# Replace bathroom trim



## bryanp22 (Nov 2, 2011)

Forgot to attach picture


----------



## DeeKayVB (Dec 28, 2011)

I recently removed some tiles from a wall and it just depends ... some came off easily and some were more stubborn. If you are careful, most wall damage can be patched wt compound. I think baseboard would be a great idea since the tiles do not match well.


----------



## joecaption (Nov 30, 2011)

A sharp blow from the top of the tile with a brick chisle and a hammer should pop it off.


----------



## bryanp22 (Nov 2, 2011)

Any recommended technique? I've never removed tile before where I had to minimize wall damage


----------



## bryanp22 (Nov 2, 2011)

Okay, I'll picked a brick chisel.


----------



## princelake (Feb 19, 2012)

i'd use a flat pry bar and put it between the tile and the wall and whack with a hammer and they should just pop off. then pick out a baseboard that was taller then the tile and no drywall repairs.... if you dont accidently hit the wall while removing the tile lol


----------



## bryanp22 (Nov 2, 2011)

The masonry chisel is working well.

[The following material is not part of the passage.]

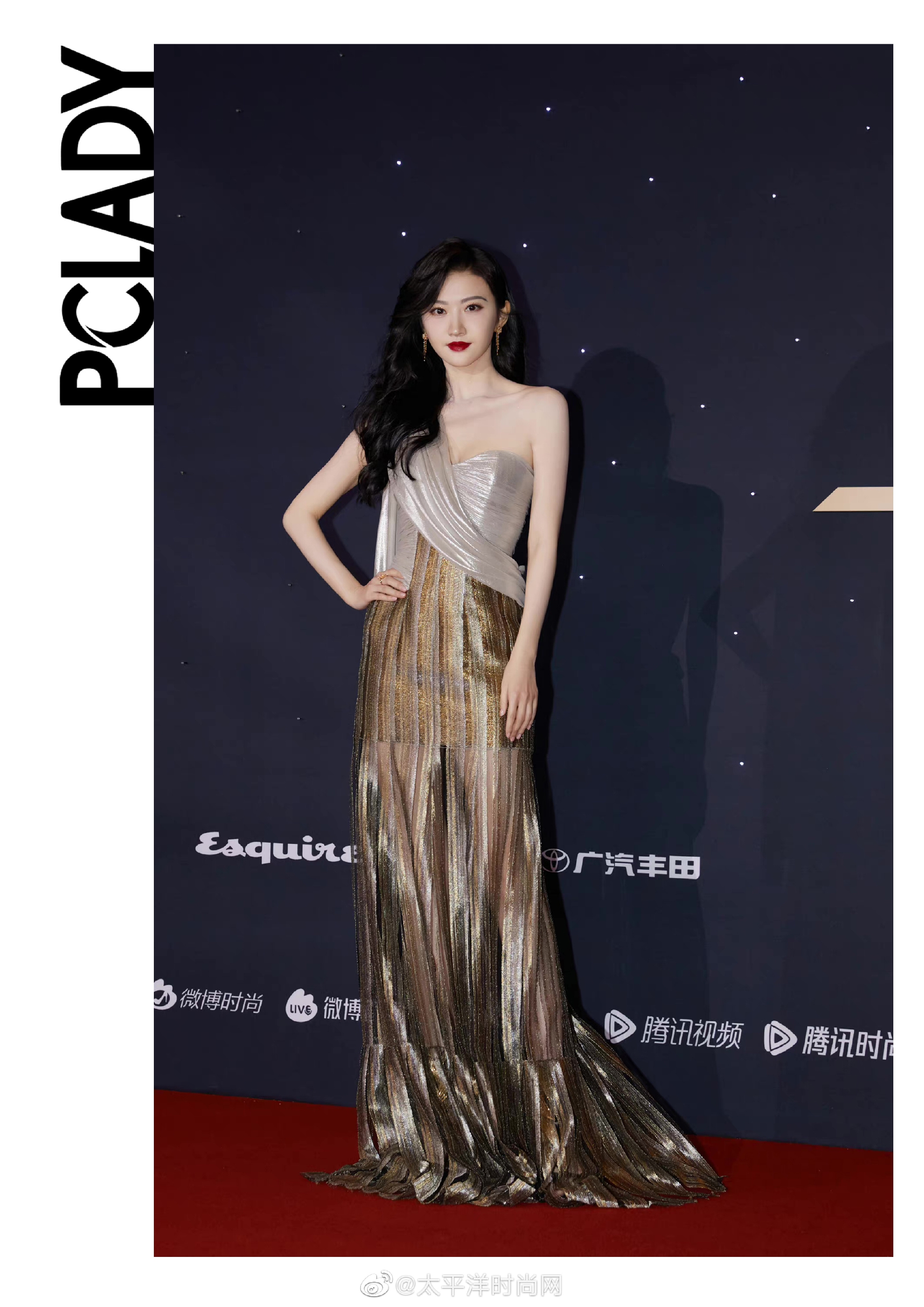 红毯上的女明星造型真的是风格多变!_高清图集_新浪网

I don't think they used thinset though. It was either used very sparingly or it's construction adhesive.


----------



## Doorman54 (Feb 22, 2012)

joecaption said:


> A sharp blow from the top of the tile with a brick chisle and a hammer should pop it off.



This method worked perfect for me as well. 
Measure from the floor to the top of the ragged edge that will probably be on the drywall after the tiles are removed. Buy some moulding the same size or a bit taller (4 1/4 worked for me) and some base shoe or quarter round. 

Put a wood shim on the floor (thick end against the wall with moulding on top of it) nail and glue your molding to the wall, install shoe/quarter to cover gap at bottom.


----------



## bryanp22 (Nov 2, 2011)

Yeah I have colonial 3 1/4 moulding throughout the house which perfect height once top edge is caulked


----------



## Missouri Bound (Apr 9, 2011)

bryanp22 said:


> Any recommended technique? I've never removed tile before where I had to minimize wall damage


 Take a razor knife and run it along the top of the tile before you try to remove it...that will minimize tearing when you pry the tile loose. Start with a stiff putty knife to pry. The thinner the prying object the less chance of breaking the tile.


----------